AIM OF THE TASK
Copy down the listing below exactly, please, including every line.

TASK DATA
____________

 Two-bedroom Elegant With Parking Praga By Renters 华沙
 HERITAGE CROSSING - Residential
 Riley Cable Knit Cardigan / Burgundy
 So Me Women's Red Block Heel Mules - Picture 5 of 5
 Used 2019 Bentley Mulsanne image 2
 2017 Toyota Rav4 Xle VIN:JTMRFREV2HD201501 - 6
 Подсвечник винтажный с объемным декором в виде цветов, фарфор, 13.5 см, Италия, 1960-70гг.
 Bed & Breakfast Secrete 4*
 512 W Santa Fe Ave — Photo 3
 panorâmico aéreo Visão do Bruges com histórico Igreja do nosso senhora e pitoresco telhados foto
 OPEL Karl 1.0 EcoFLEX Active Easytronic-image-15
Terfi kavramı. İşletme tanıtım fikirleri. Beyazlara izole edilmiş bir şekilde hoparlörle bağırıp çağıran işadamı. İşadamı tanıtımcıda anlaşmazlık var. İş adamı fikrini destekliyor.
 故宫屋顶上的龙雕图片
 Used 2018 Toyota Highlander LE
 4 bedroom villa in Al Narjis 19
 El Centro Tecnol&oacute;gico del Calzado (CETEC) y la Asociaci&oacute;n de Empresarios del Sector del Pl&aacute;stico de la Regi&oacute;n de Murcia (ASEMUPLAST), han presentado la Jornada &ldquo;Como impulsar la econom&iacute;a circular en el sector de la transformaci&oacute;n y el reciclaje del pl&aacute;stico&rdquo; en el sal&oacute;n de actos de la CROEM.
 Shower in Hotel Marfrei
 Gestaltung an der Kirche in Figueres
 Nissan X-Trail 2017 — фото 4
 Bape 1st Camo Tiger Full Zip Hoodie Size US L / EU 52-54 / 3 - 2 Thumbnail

____________

OUTPUT
 Two-bedroom Elegant With Parking Praga By Renters 华沙
 HERITAGE CROSSING - Residential
 Riley Cable Knit Cardigan / Burgundy
 So Me Women's Red Block Heel Mules - Picture 5 of 5
 Used 2019 Bentley Mulsanne image 2
 2017 Toyota Rav4 Xle VIN:JTMRFREV2HD201501 - 6
 Подсвечник винтажный с объемным декором в виде цветов, фарфор, 13.5 см, Италия, 1960-70гг.
 Bed & Breakfast Secrete 4*
 512 W Santa Fe Ave — Photo 3
 panorâmico aéreo Visão do Bruges com histórico Igreja do nosso senhora e pitoresco telhados foto
 OPEL Karl 1.0 EcoFLEX Active Easytronic-image-15
Terfi kavramı. İşletme tanıtım fikirleri. Beyazlara izole edilmiş bir şekilde hoparlörle bağırıp çağıran işadamı. İşadamı tanıtımcıda anlaşmazlık var. İş adamı fikrini destekliyor.
 故宫屋顶上的龙雕图片
 Used 2018 Toyota Highlander LE
 4 bedroom villa in Al Narjis 19
 El Centro Tecnol&oacute;gico del Calzado (CETEC) y la Asociaci&oacute;n de Empresarios del Sector del Pl&aacute;stico de la Regi&oacute;n de Murcia (ASEMUPLAST), han presentado la Jornada &ldquo;Como impulsar la econom&iacute;a circular en el sector de la transformaci&oacute;n y el reciclaje del pl&aacute;stico&rdquo; en el sal&oacute;n de actos de la CROEM.
 Shower in Hotel Marfrei
 Gestaltung an der Kirche in Figueres
 Nissan X-Trail 2017 — фото 4
 Bape 1st Camo Tiger Full Zip Hoodie Size US L / EU 52-54 / 3 - 2 Thumbnail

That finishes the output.